# Generating Data Set for Neural Network

1) After pre-processing and data augmentation, we merge data from all participants to a single data frame as training data for CNN Model.<br>

2) Data from finger orientation study project (https://doi.org/10.1145/3132272.3134130) is also added to increase the dataset.<br>

3) After merging data from all participants we reshape data into 27 X 15 resembling the screen size of the smarphone and re-label the data to contain only labels as 'finger' and 'phalanx' for binary classification.

In [1]:
import pandas as pd
import numpy as np
import time

In [3]:
# Merging all augmented data and storing it as training data set.
df_train = pd.DataFrame()

for i in range(1, 26):
    df = pd.read_pickle('/home/rahul/Documents/phalanx_detection/pre_processed_aug/Participant_'+str(i)+'.pkl')
    print('Number of Images for Participant ' + str(i)+' are '+str(df.shape[0])+'.')
    df_train = pd.concat([df_train, df], ignore_index=True)

print('Total number of images in training set are ' + str(len(df_train)))

Number of Images for Participant 1 are 31792.
Number of Images for Participant 2 are 42700.
Number of Images for Participant 3 are 37532.
Number of Images for Participant 4 are 46896.
Number of Images for Participant 5 are 53932.
Number of Images for Participant 6 are 66296.
Number of Images for Participant 7 are 66832.
Number of Images for Participant 8 are 48152.
Number of Images for Participant 9 are 52336.
Number of Images for Participant 10 are 47464.
Number of Images for Participant 11 are 48232.
Number of Images for Participant 12 are 45632.
Number of Images for Participant 13 are 52848.
Number of Images for Participant 14 are 48340.
Number of Images for Participant 15 are 54680.
Number of Images for Participant 16 are 59520.
Number of Images for Participant 17 are 52348.
Number of Images for Participant 18 are 51128.
Number of Images for Participant 19 are 51988.
Number of Images for Participant 20 are 36720.
Number of Images for Participant 21 are 52700.
Number of Images for P

In [4]:
# Here we also include data set from finger orientation study project 

df_orientation = pd.read_pickle('/home/rahul/Documents/phalanx_detection/pre_processed_aug/orientationdata.pkl')
df_train = pd.concat([df_train, df_orientation], ignore_index=True,sort = True)
print('Total number of images in training set including orientation data are ' + str(len(df_train)))

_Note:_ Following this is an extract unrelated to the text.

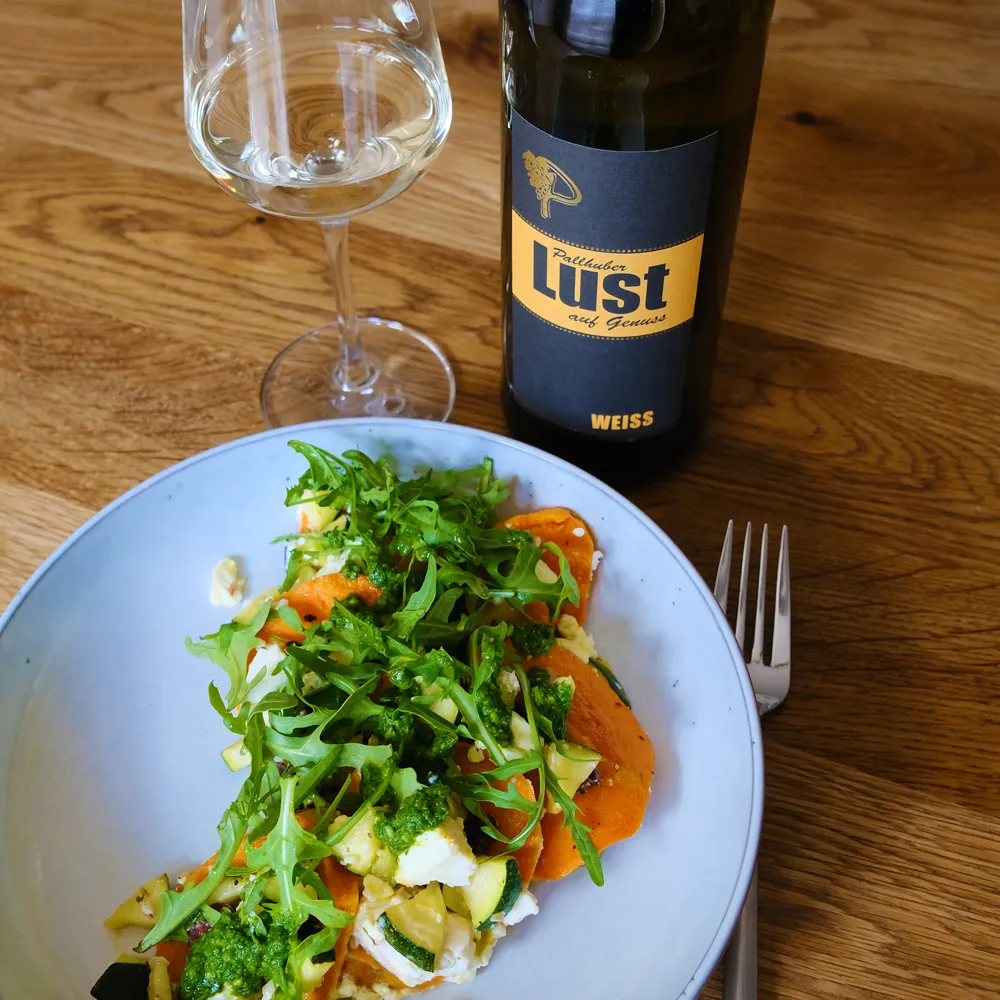 Gebackene Süßkartoffeln mit Feta und Zucchini Gebackene Süßkartoffeln mit Feta und Zucchini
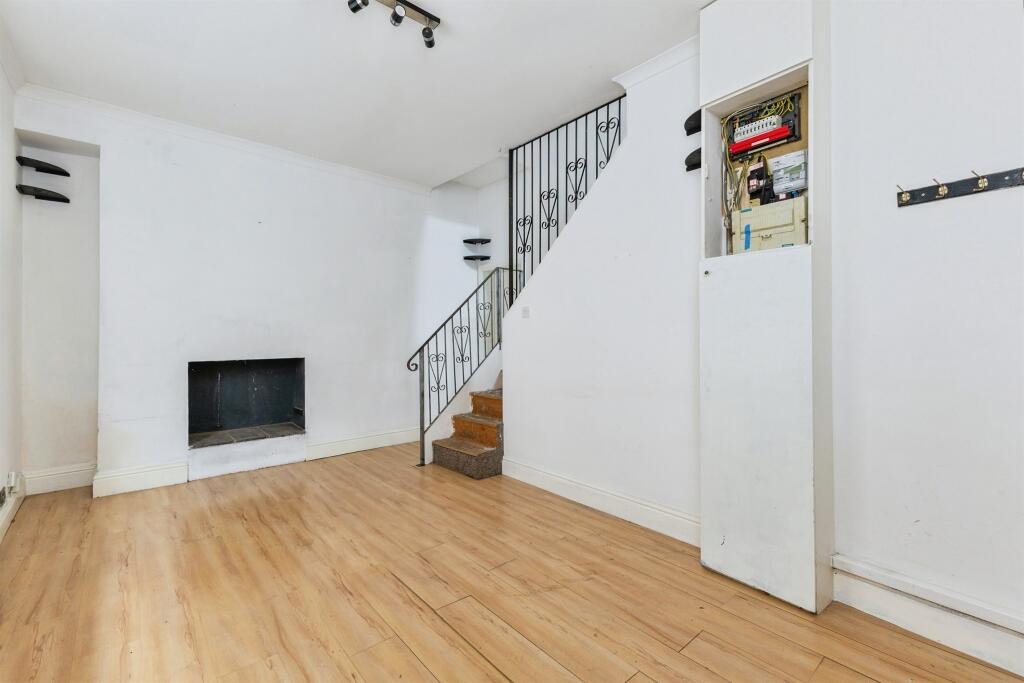 Apartment in Torquay - More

Total number of images in training set including orientation data are 1764902


In [5]:
%%time
# convert to 27x15 Matrix image
for i in range(df_train.shape[0]):
    full_matrix = np.zeros(shape=(27, 15))
    cropped_matrix = df_train.Cropped_Matrix[i]
    x,y = cropped_matrix.shape
    full_matrix[:x, :y] = cropped_matrix
    df_train.at[i, 'Cropped_Matrix'] = full_matrix.astype(np.int32)

CPU times: user 2min 18s, sys: 1.84 s, total: 2min 19s
Wall time: 2min 17s


In [7]:
%%time
# Deleting Images which are captured during task changing duration labelled as Pause (to avoid wrong labelling).
for i in range(df_train.shape[0]):
    if df_train.Task[i]== 'PAUSE':
        print(i, df_train.Task[i])
        df_train.drop(i, inplace=True)

229241 PAUSE
245815 PAUSE
262389 PAUSE
278963 PAUSE
285255 PAUSE
301963 PAUSE
318671 PAUSE
335379 PAUSE
996562 PAUSE
1009737 PAUSE
1022912 PAUSE
1036087 PAUSE
CPU times: user 56.8 s, sys: 242 ms, total: 57.1 s
Wall time: 50 s


In [11]:
%%time
# modify labels to finger and phalanx

df_train.rename(columns={'Task': 'Label', 'Cropped_Matrix': 'Input'}, inplace=True)
df_train['Label'] = df_train['Label'].replace({'DRAG': 'finger',
                                               'TAP': 'finger',
                                               'SCROLL':'finger',
                                               'PHALANX_SCROLL': 'phalanx',
                                               'PHALANX_TAP': 'phalanx',
                                               'PHALANX_DRAG': 'phalanx',
                                               })

CPU times: user 1.09 s, sys: 4.03 ms, total: 1.09 s
Wall time: 557 ms


In [13]:
# Number of samples for each class
df_train['Label'].value_counts()

finger     1073386
phalanx     691504
Name: Label, dtype: int64

In [16]:
# save training data in .pkl
df_train.to_pickle('/home/rahul/Documents/phalanx_detection/training_data.pkl')